** SUPPLIED INFORMATION follows **

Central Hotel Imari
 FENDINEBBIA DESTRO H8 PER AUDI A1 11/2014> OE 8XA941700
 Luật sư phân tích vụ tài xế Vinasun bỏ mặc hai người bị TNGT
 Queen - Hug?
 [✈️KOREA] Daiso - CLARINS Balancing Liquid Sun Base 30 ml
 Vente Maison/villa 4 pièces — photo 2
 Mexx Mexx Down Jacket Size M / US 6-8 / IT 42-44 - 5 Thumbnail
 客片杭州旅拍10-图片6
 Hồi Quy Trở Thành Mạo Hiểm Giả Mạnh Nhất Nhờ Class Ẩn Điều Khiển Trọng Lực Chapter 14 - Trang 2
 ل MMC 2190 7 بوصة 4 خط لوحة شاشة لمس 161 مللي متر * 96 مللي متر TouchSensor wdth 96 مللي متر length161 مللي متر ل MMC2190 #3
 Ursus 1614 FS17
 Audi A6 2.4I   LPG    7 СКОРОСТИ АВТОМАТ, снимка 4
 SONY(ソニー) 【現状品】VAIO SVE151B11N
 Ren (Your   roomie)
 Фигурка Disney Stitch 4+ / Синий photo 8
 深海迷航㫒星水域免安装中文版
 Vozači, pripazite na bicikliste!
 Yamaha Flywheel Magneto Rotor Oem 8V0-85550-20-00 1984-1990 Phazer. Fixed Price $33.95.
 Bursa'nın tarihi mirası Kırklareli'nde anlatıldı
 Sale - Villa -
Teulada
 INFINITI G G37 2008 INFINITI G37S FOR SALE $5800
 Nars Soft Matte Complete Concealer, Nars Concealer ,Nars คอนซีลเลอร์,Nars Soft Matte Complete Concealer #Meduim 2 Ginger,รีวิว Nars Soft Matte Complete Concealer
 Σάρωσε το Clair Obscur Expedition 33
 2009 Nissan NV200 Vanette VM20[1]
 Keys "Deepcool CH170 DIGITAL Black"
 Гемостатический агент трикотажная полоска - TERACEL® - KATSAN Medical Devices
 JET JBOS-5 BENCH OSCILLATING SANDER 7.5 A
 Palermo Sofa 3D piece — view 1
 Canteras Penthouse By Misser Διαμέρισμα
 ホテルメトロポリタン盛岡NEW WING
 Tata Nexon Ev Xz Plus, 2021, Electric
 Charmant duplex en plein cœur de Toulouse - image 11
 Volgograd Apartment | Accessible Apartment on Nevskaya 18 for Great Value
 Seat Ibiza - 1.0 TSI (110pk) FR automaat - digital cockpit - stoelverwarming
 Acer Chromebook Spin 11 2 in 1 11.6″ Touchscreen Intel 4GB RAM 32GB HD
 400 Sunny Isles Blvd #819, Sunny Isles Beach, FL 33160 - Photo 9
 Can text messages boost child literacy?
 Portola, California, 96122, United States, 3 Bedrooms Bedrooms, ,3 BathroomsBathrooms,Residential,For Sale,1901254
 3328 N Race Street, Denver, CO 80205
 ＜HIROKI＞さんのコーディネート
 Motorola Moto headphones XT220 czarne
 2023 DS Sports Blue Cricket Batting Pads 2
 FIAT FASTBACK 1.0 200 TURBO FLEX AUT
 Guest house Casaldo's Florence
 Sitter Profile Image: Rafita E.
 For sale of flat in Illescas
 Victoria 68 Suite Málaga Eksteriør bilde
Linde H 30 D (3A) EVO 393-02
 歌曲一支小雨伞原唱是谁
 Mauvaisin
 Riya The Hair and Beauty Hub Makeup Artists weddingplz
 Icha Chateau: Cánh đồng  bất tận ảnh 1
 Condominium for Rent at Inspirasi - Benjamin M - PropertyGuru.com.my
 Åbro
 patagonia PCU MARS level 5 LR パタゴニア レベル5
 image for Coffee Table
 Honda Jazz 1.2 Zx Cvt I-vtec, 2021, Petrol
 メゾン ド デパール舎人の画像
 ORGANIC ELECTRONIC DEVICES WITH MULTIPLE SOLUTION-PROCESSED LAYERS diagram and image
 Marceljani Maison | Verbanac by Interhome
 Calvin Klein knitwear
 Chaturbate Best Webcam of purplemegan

** End of SUPPLIED INFORMATION **

> [EXERCISE OBJECTIVE]
In the listing above, locate the line containing "Vente Maison/villa 4 pièces — photo 2" and the line containing "Can text messages boost child literacy?". Transcribe those two lines and everything between them, exactly as written.

> [RESPONSE TO THE TASK]
 Vente Maison/villa 4 pièces — photo 2
 Mexx Mexx Down Jacket Size M / US 6-8 / IT 42-44 - 5 Thumbnail
 客片杭州旅拍10-图片6
 Hồi Quy Trở Thành Mạo Hiểm Giả Mạnh Nhất Nhờ Class Ẩn Điều Khiển Trọng Lực Chapter 14 - Trang 2
 ل MMC 2190 7 بوصة 4 خط لوحة شاشة لمس 161 مللي متر * 96 مللي متر TouchSensor wdth 96 مللي متر length161 مللي متر ل MMC2190 #3
 Ursus 1614 FS17
 Audi A6 2.4I   LPG    7 СКОРОСТИ АВТОМАТ, снимка 4
 SONY(ソニー) 【現状品】VAIO SVE151B11N
 Ren (Your   roomie)
 Фигурка Disney Stitch 4+ / Синий photo 8
 深海迷航㫒星水域免安装中文版
 Vozači, pripazite na bicikliste!
 Yamaha Flywheel Magneto Rotor Oem 8V0-85550-20-00 1984-1990 Phazer. Fixed Price $33.95.
 Bursa'nın tarihi mirası Kırklareli'nde anlatıldı
 Sale - Villa -
Teulada
 INFINITI G G37 2008 INFINITI G37S FOR SALE $5800
 Nars Soft Matte Complete Concealer, Nars Concealer ,Nars คอนซีลเลอร์,Nars Soft Matte Complete Concealer #Meduim 2 Ginger,รีวิว Nars Soft Matte Complete Concealer
 Σάρωσε το Clair Obscur Expedition 33
 2009 Nissan NV200 Vanette VM20[1]
 Keys "Deepcool CH170 DIGITAL Black"
 Гемостатический агент трикотажная полоска - TERACEL® - KATSAN Medical Devices
 JET JBOS-5 BENCH OSCILLATING SANDER 7.5 A
 Palermo Sofa 3D piece — view 1
 Canteras Penthouse By Misser Διαμέρισμα
 ホテルメトロポリタン盛岡NEW WING
 Tata Nexon Ev Xz Plus, 2021, Electric
 Charmant duplex en plein cœur de Toulouse - image 11
 Volgograd Apartment | Accessible Apartment on Nevskaya 18 for Great Value
 Seat Ibiza - 1.0 TSI (110pk) FR automaat - digital cockpit - stoelverwarming
 Acer Chromebook Spin 11 2 in 1 11.6″ Touchscreen Intel 4GB RAM 32GB HD
 400 Sunny Isles Blvd #819, Sunny Isles Beach, FL 33160 - Photo 9
 Can text messages boost child literacy?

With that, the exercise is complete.